AI Hallucinations Explained: Why It's Not a Bug but a Feature
Talk
In this episode, Ian Griffiths delves into the concept of AI hallucinations, explaining how it’s commonly misunderstood in the industry.
AI hallucinations refer to the phenomenon where artificial intelligence systems generate seemingly plausible but factually incorrect outputs. Using examples from the legal and software development sectors, Ian argues that this behaviour should not be seen as a bug but rather as a feature that signifies AI's ability to contextualize language. AI, according to Griffiths, excels at creating conceptual frameworks to understand sentences, even when those frameworks describe events that never occurred.
Mislabelling this as hallucination leads to unproductive attempts to correct a behaviour that is integral to AI's functionality. By accepting and working with this aspect of AI, systems can be designed more effectively to harness AI's true capabilities.
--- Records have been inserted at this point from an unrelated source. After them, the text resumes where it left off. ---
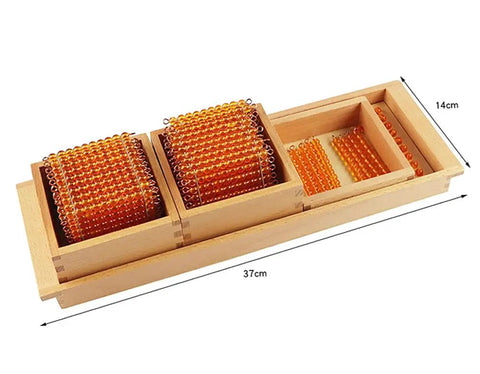Dead Nuts Secure Matte Black Stainless Steel Gate Latch And Flip Lock Door Bolt Heavy Duty Privacy Slide Catch showing bright orange beads in wooden storage.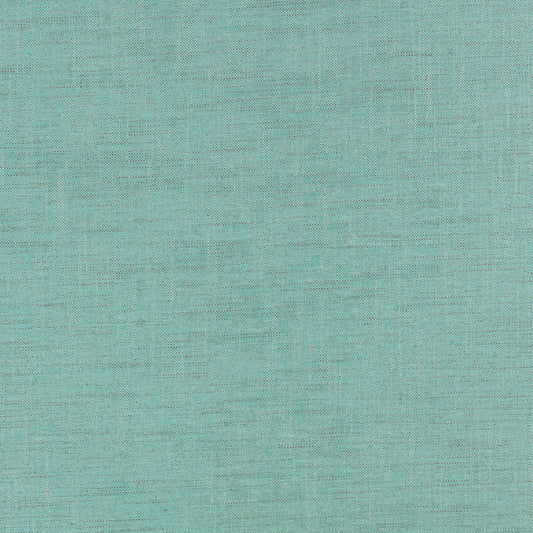 Villa Nova Alberta Petrol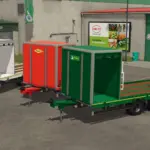 ECIM public works trailer v1.0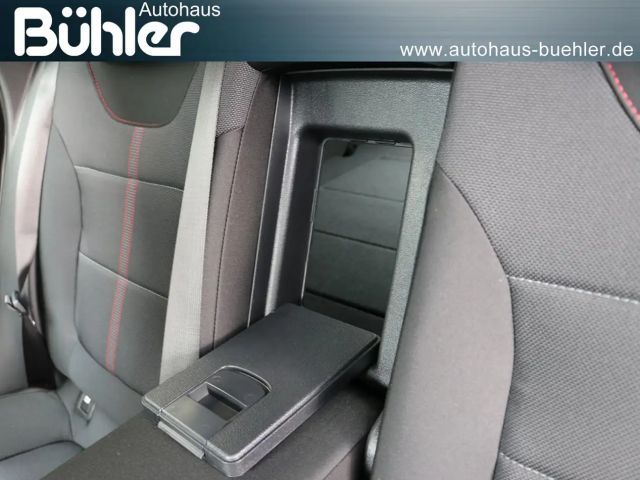 Hyundai i30 N Line T-GDi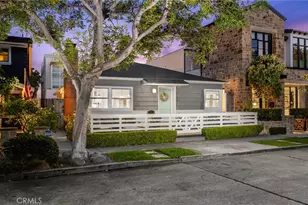 2049 E Ocean Blvd, Newport Beach, CA 92661 - Photo 19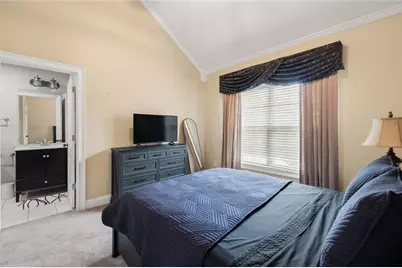 2520 Westchester Way SE, Conyers, GA 30013 - Photo 39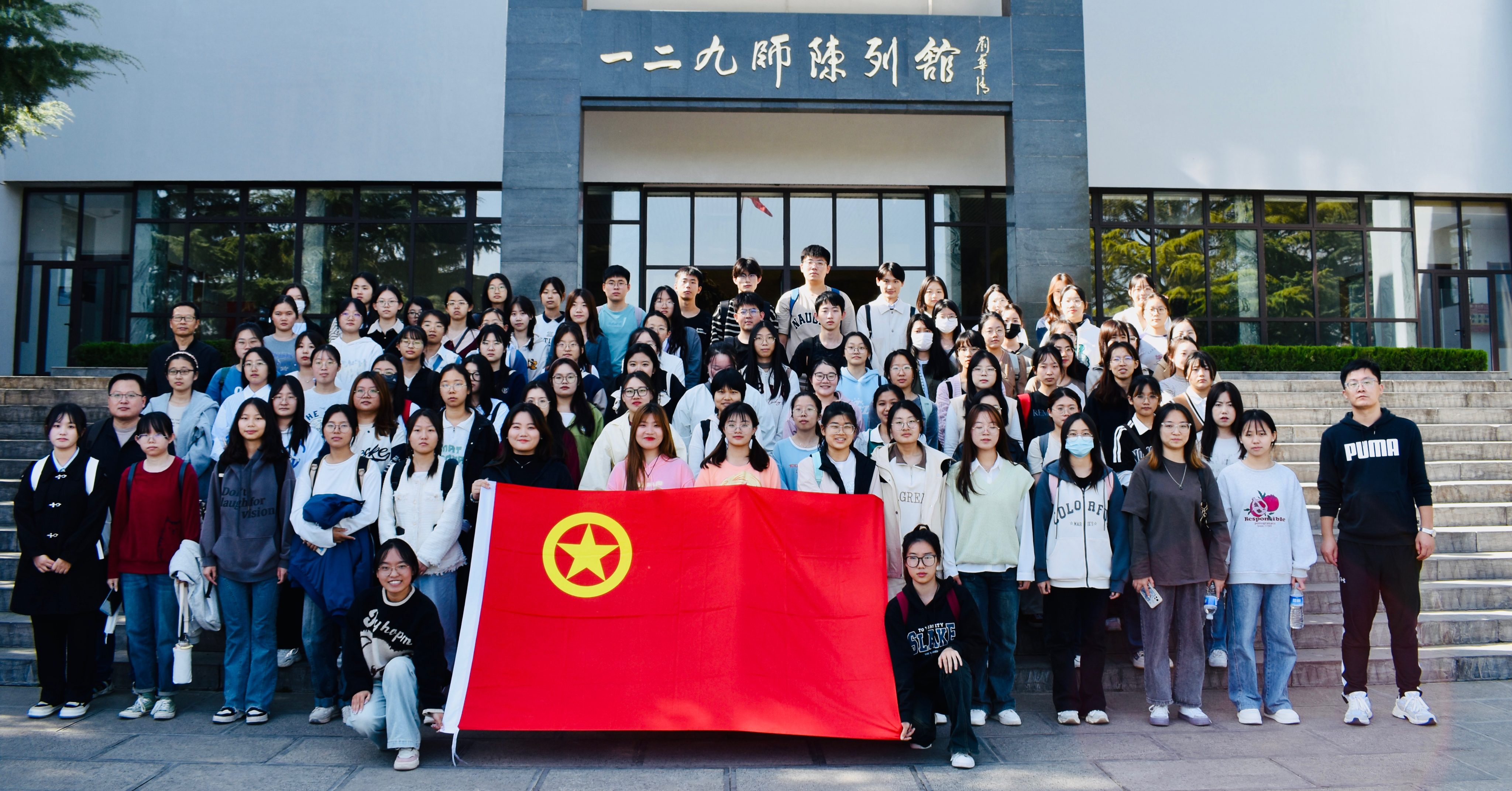 3edca22faea408661bd5139143f2e58.jpg 3edca22faea408661bd5139143f2e58.jpg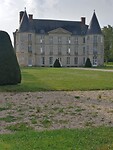 IMG-20220423-WA0002
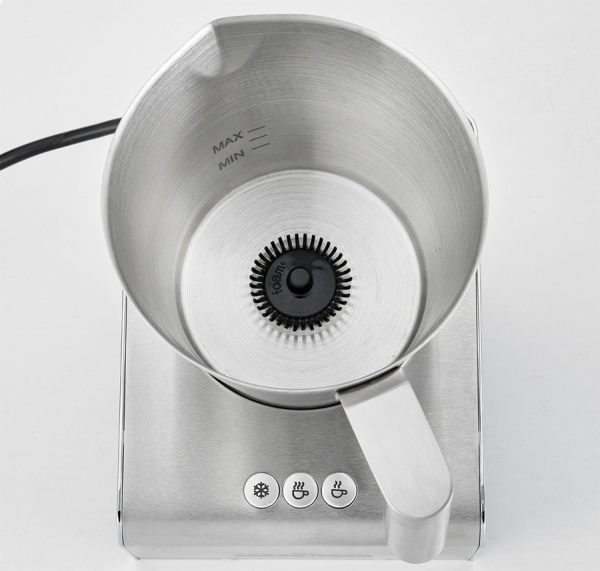 PC-MS 1032_V2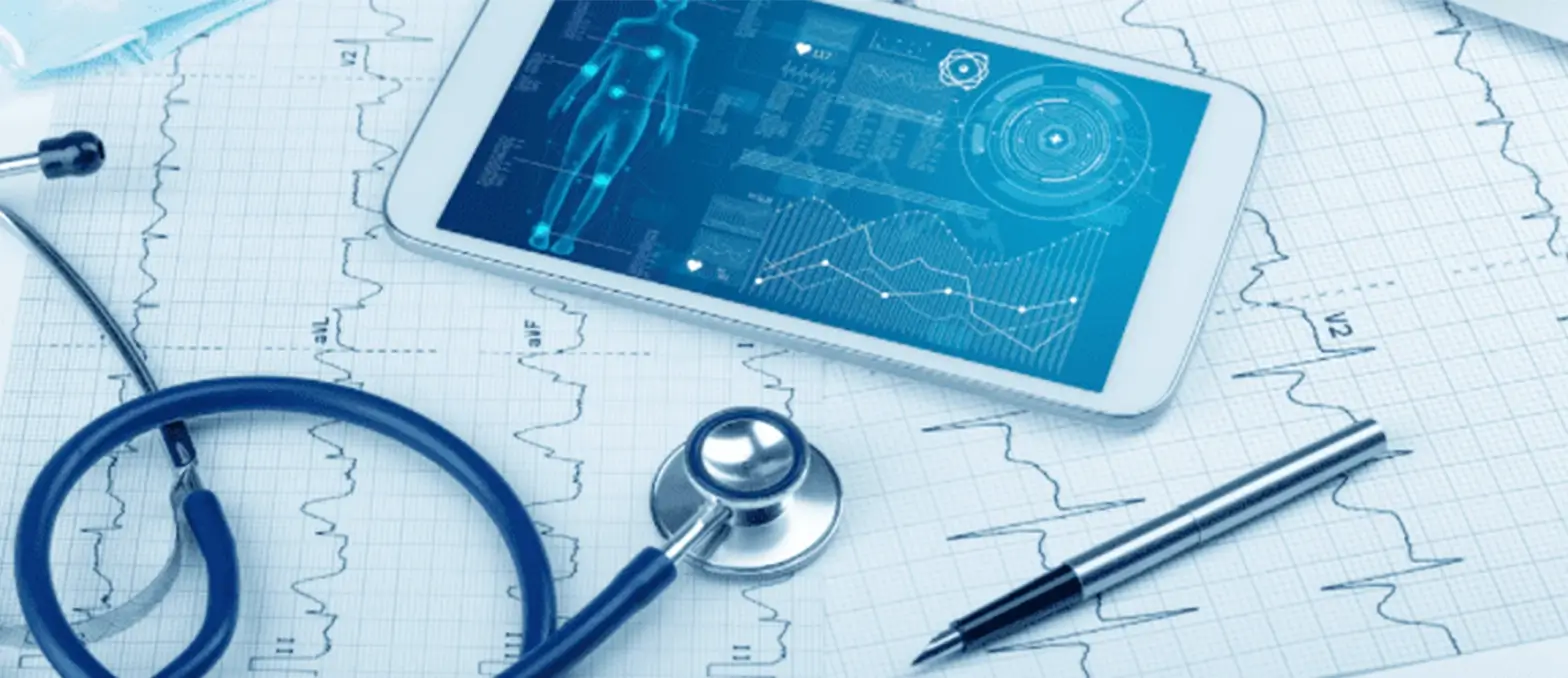 How to Build Scalable IoT Apps with Cloud Services?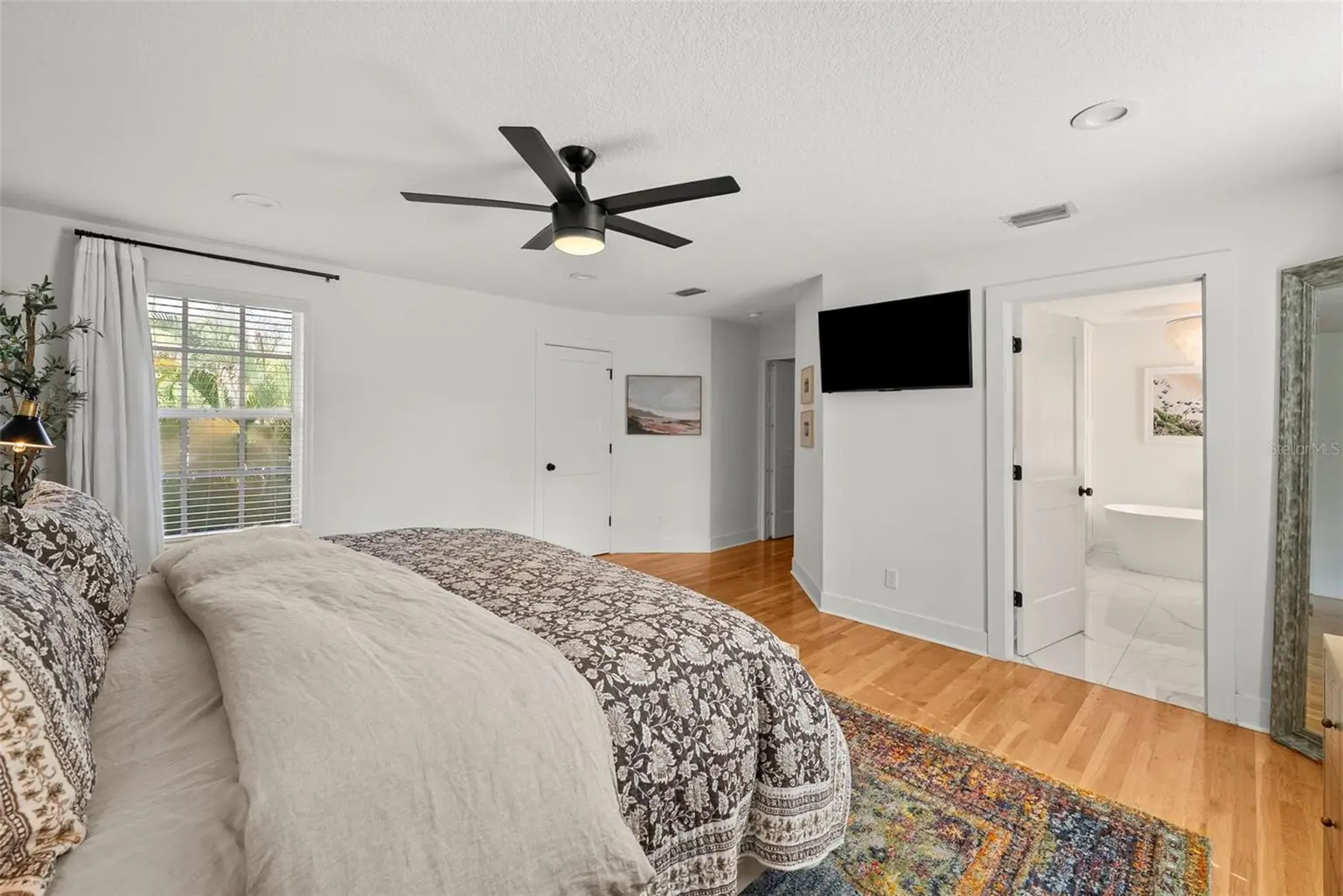 3004 W SAN JOSE STREET, TAMPA, FL, photo 21 of 36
- 00:00 Understanding AI Hallucination
- 00:27 Examples of AI Hallucination
- 01:55 The Misconception of AI Hallucination
- 04:08 Human Perception vs. AI Reality
- 05:43 AI's Contextualization Power
- 06:16 The Jimmy White Example
- 14:35 AI's Cultural Knowledge
- 17:04 Practical Implications and Conclusion
Transcript
You have misunderstood hallucination in AI. It's a phenomenon our industry just gets wrong, and I'm gonna explain what it is that we get wrong and why this will be stopping you from getting the most value out of AI today. To begin with, what do we mean by hallucination? It's the term that we use when an AI seems to just make stuff up. So there's some quite well-known cases of this. There was the law firm that asked a chatbot of some kind to find some case history that was relevant to the case they were working on, and it produced a load of what looked like perfectly plausible and applicable precedents. And the slight problem was that they hadn't actually ever happened. These were completely fictional, completely fabricated cases, and the lawyers got into a certain amount of trouble for not bothering to check that the thing the AI had found was not real at all. So it just made it up. It looked plausible, but it made it up. Another example: if you are a software developer, you've probably been using AI coding assistance, something like GitHub Copilot, and you will almost certainly have had the experience where you ask it to write some code for you.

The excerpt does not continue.